Mais où est passée la Fiorentina ? Un si joli petit club, qui promettait tellement, avec ses joueurs gentils, son président sportif, son entraîneur humaniste, ses supporters plus éduqués que les autres. Bel esprit, belle ville, beau jeu. On leur promettait une montée en puissance régulière, des trophées à tire larigot et même, possiblement, un scudetto dès cette année. Mais la saison est bien avancée, et on sait déjà qu’il n’en sera rien : éliminé de la Coupe d’Italie, sorti de la Champion’s League dès les phases de poule, piteusement dégagé de l’UEFA en seizièmes de finale par un Ajax d’Amsterdam pourtant plutôt rance, le club phare de la Toscane émarge actuellement à la quatrième place du championnat italien, et tout le monde sait qu’ils n’iront pas tellement plus haut. Pas assez costauds, tout simplement.

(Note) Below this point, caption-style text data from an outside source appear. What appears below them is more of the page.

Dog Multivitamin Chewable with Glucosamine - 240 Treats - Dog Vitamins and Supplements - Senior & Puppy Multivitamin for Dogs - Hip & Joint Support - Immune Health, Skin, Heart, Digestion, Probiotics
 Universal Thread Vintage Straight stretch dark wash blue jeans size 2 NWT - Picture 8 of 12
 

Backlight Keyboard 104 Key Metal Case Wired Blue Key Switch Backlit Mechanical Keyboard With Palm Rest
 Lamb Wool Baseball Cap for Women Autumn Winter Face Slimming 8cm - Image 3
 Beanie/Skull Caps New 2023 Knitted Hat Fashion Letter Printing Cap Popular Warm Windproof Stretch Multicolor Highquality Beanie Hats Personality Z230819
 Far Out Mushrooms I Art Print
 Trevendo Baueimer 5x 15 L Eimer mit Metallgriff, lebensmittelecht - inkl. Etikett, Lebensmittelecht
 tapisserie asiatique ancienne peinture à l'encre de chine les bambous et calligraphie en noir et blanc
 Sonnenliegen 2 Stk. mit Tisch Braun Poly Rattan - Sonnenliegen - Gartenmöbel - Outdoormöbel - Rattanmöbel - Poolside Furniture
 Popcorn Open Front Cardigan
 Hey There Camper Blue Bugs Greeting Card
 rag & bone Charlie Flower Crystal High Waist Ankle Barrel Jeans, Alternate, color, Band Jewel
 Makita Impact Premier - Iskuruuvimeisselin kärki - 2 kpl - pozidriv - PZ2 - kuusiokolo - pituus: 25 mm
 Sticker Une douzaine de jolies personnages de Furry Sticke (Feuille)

Un surplace suffisant pour que la belle mécanique se grippe d’un coup. Donadel, son milieu de terrain, l’a lucidement expliqué à la Gazzetta dello sport: « Ces derniers jours le mister était un peu nerveux, car son équipe n’arrive pas à exprimer le football qu’il souhaiterait » . Nerveux, Prandelli ? On le dirait, effectivement. Depuis quelques semaines, la frustration s’est emparée de Florence, et ce n’est pas du goût du coach des Viola, pourtant considéré comme un demi-Dieu par toute la ville depuis maintenant quatre ans. A tel point qu’en conférence de presse, l’entraîneur, d’habitude si pondéré et positif, a laissé poindre comme un genre d’agacement. « Nous avons le budget pour jouer la cinquième ou la sixième place et nous sommes quatrième. C’est bien, d’ailleurs nous sommes pris en exemple partout en Europe, et pourtant à Florence nous sommes critiqués. Ici, il y a une tendance à l’autodestruction qui ne me plaît pas. L’attente des gens est déconnectée de la réalité. Aujourd’hui, mon moral est bas, et à la fin de saison, je réévaluerai le projet, plus que jamais » . Ouch.
Prandelli partant, c’est une perspective qui semble effrayer le club. Pour couper court à toute critique et rassurer le mister, le club a d’ailleurs publié des statistiques pour fermer la bouche de tout le monde : avec 76 victoires, 31 matches nuls et 33 défaites, le bilan de Cesare Prandelli à la tête de la Fiorentina est le meilleur de l’histoire du club. Sa moyenne de points par match est de 1,85, contre 1,76 et 1.54 aux mythiques Fulvio Bernardini et Luigi Ferrero. Assez pour convaincre les associations de supporters. « Cela m’énerve de voir que la presse locale fait tout pour que Prandelli s’en aille, alors qu’il fait un très bon travail » , explique Stefano Sartoni, président du viola club Collettivo, l’un des principaux groupes de supporters.
Et si, finalement, la Fiorentina était en train de devenir l’Arsenal italien? Et si prendre des jeunes, les faire jouer à terre et privilégier l’esthétique était voué à systématiquement s’écraser contre le mur de la compétition ? Et si la Fiorentina était à son maximum ? Aujourd’hui, le club toscan traverse une crise de croissance : soit il se contente de la victoire du cœur, soit il change. En attendant, le cirque Palermitain du cinglé président Zamparini est en ville ce dimanche après-midi. Et lui, le beau, il s’en fout.